There are those times when you walk down a path and think you know where you are going, except it is not at all the path you thought you were on. Suddenly you stumble, disoriented, it’s something out of a dream, a nightmare. Your heart catches before you lurch awake and remember. This is not the old road. This is a new road. Yet, even though it is a road you do not know, the disorientation slowly eases, the double vision blends back into one, and you begin to move forward once again.
I have seen him a few times since then, this new / yet familiar man, and there are still those jolts of past and present, coffee brought to bed, cooking a meal, a hike in the woods. But with each visit, it becomes less jarring, new memories, different memories, are being laid down. It is no longer so much a comparison.
Of course, given the familiarity of our past it is easy to want to jump to a destination, to consider that we are heading somewhere. As I share bits of this journey with friends, I seek to label “us,” as something recognizable.
Yet, he lives far away, and each of us, for different reasons, is not likely to relocate any time soon, so I have no idea how this relationship will evolve. But as a friend told me recently, there are many ways to be in relationship, life is fluid that way. It does not have to be the picket fence and the wedding ring, or even a traditional monogamous scenario. Anything is possible.
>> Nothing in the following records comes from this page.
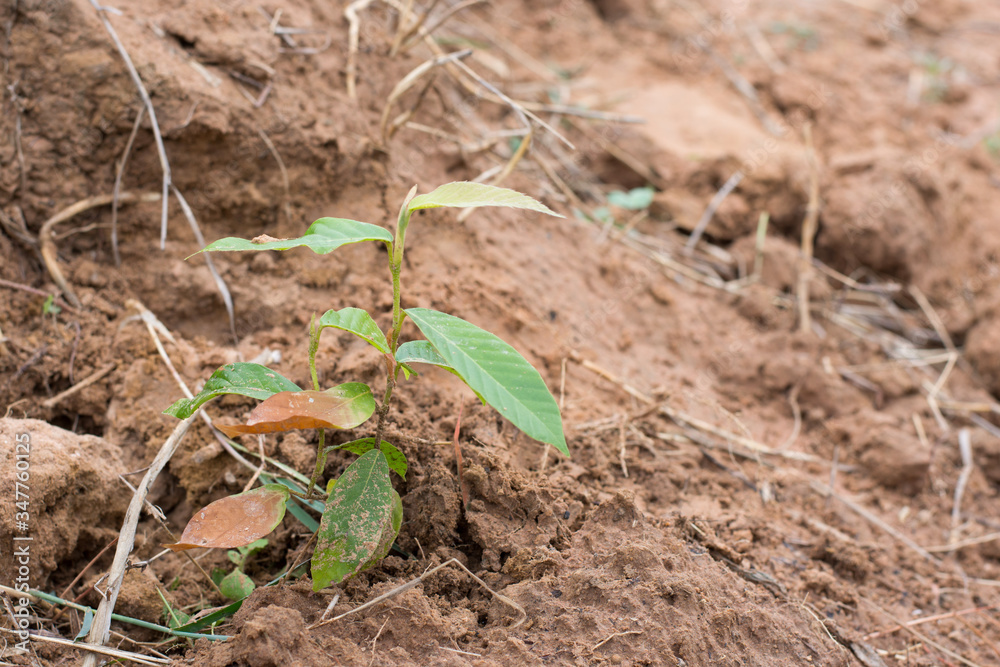 small plant in the ground small plant in the ground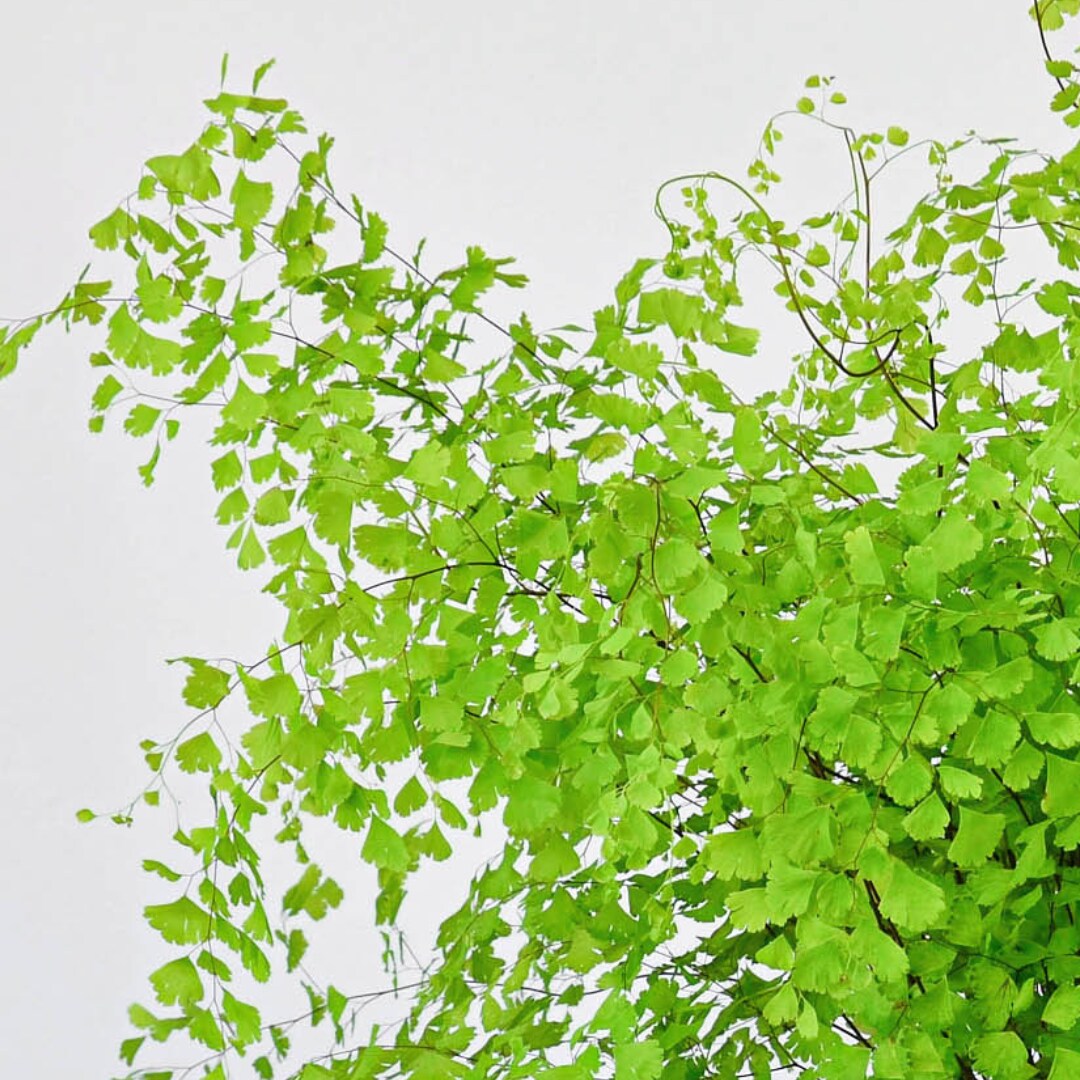 House Plant Shop 6-FERN-MAIDENHAIR hseplants - View #2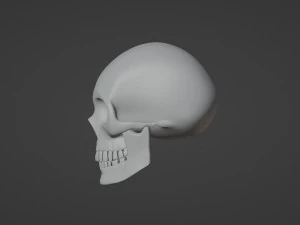 Skull 3D Model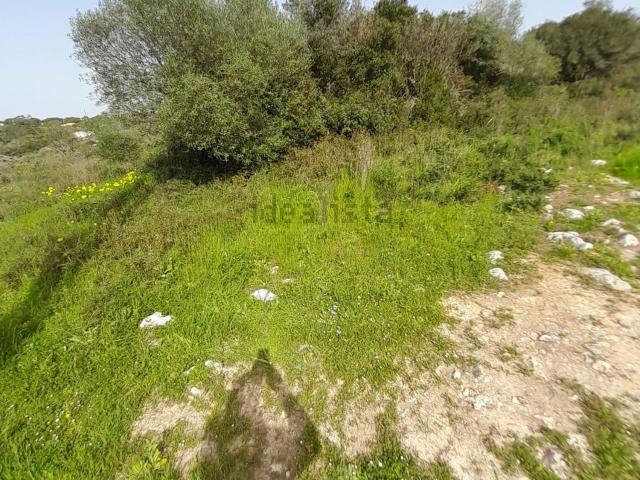 Terreno, Castelo Sesimbra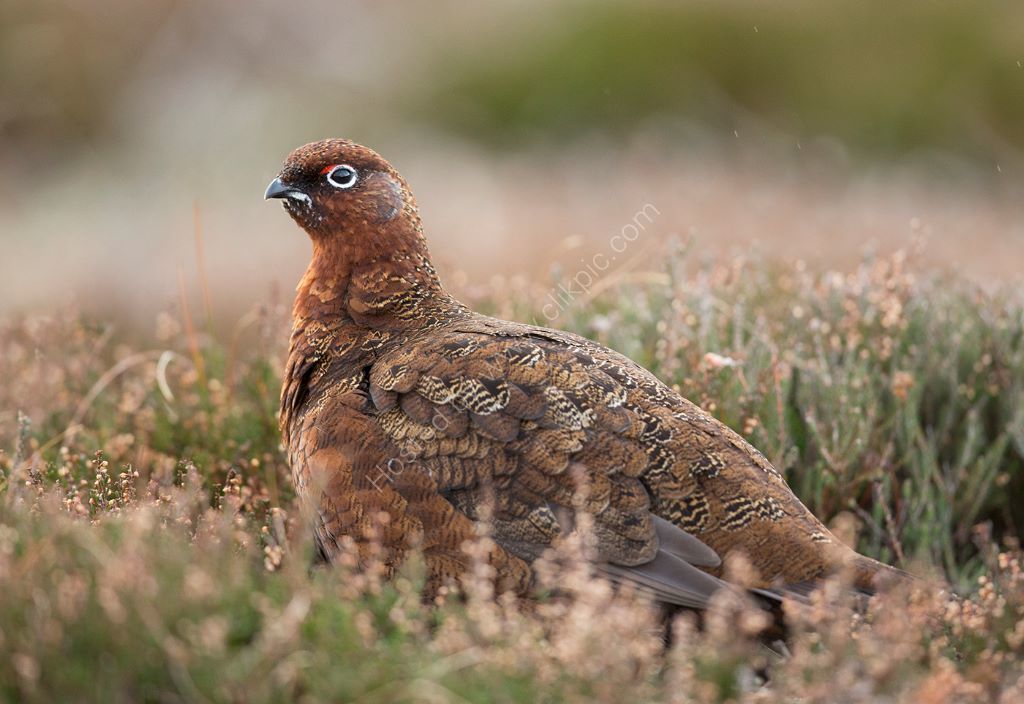 Male Red in Heather 2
Life is fluid. I like that, it is a comforting thought. It means I don’t have to figure it all out. It gives me, us, permission, freedom, to find our own way.
For the moment, in this moment (for in truth that is all that we have), he is friend, lover, keeper of my secrets. He is not afraid of my storms, my darkness, my tears. I do not have to pretend. He supports my creativity, listens to my rants, makes me laugh, and reminds me that I am a woman, passionate and alive, with a life yet to live.
Over time, there are longer and longer periods when it is no longer about grieving and letting go of the past, but rather it is about looking forward, towards this new life unfolding.
I hear him, my husband, as I write this post, “Be happy, my love. Be happy.”
Not the end of the road, but rather, the beginning.